Fourteen years have passed since the Environment Law was approved, establishing the creation for agro-environmental courts to hear cases involving contamination and environmental damage, but so far, this has not happened.

The Supreme Court, which would be responsible for creating the new chambers, has failed to create them.

“We still don’t have those courts in El Salvador,” said Lourdes Palacios, a lawmaker with the ruling Farabundo Marti National Liberation Front, or FMLN and a member of the Legislative Assembly’s Environment and Climate Change Committee.

“We’re still waiting,” she said. “There was a project financed by the European Union to train judges on environmental issues so these courts would be set up. We don’t know what happened.”

For its part, the Supreme Court said that the project is still alive but that there is no time-frame.

In the meantime, contamination and environmental damage cases are sent to regular courts.
This is a major problem, environmental and other civil society organizations say, arguing that these cases require specialized courts.

They are proposing that the government reform the law to ensure that environmental damage does not go unpunished.

“There are no appropriate legal procedures to address the issue of environmental justice,” said Ángel Ibarra, president of the Salvadoran Ecological Unity, a nongovernmental organization.

“Where are you going to go when there is an environmental crime? No one tries those who pollute or degrade El Salvador,” said Ibarra, who holds a doctorate in public health.

The FMLN is heeding those calls and plans to propose reforms to the law, which was passed in 1998, when the Legislative Assembly meets again in May.

The activists and FMLN are trying to change the language of the law, which calls for the creation of agro-environmental courts, which they argue does not make sense in a largely urbanized El Salvador today.

“With 60 percent of the population living in cities, the agro-environmental issue is a forced one,” said Ibarra. “Not all of the environmental problems are linked to the countryside.”

They are also pushing for the norm to follow international environmental law, under treaties that El Salvador has ratified.

Industrial contamination

El Salvador is full of contamination. One of the most emblematic cases is that of Record Batteries. In 2005, residents of Sitio del Niño, in the central department of La Libertad, were found to have high blood-lead levels because of the company’s operations. Some 550 blocks around the factory were affected by the soot spewed out by the chimneys, which covered homes, crops, water resources, subsoil and the blood of the residents.

Director of the societal interests arm of the Attorney General’s Office, Julio Adalberto Arriaza González, said there have been more lawsuits from this case with 1,000 people affected than any other in the body’s history.

Even though the factory was shut in 2008, only three employees are charged. Others, including its owners, have fled or have international arrest warrants out against them. The Attorney General’s Office has charged them with environmental damage.

The environmental courts would hear cases relating to neglect by government authorities in such a case, something that the current court system doesn’t address.

The pollution in Sitio del Niño could have been avoided by previous governments, said Deputy Health Minister Eduardo Espinoza.

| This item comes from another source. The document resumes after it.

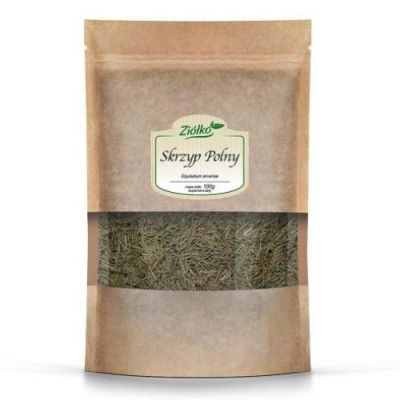 Ziółko Skrzyp Polny, 100 g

“The previous administrations were very lax in giving permits to operate without any control or regulation,” said Espinoza. “That allowed that industry to develop and work without any norm or measure to counter the impact of the lead fumes, for the slag it produced.”

Mining’s threat

Given the threats that mining could present to the environment, mining has long been a contentious issue in El Salvador.

President Mauricio Funes has said that the government will not grant any mining permits during his term. He introduced a law in the current legislature, which is about to end, that would prohibit metallic mining but it did not have enough support to pass.

The Environment and Natural Resource Ministry and the Economy Ministry rolled out a national environmental evaluation policy last April, which would be the basis for a mining policy.

“We haven’t approved any mining project in the country,” said Deputy Environment Minister Lina Pohl.

Pohl said the mining that would come to El Salvador would likely by junior mining companies that are “not capable of monitoring environmental issues and their implications.” As a small, low-income country, large-scale mining does not make sense for the nation, she said.

Still, social organizations say the government is taking a passive approach, without any real intentions of cutting off the industry.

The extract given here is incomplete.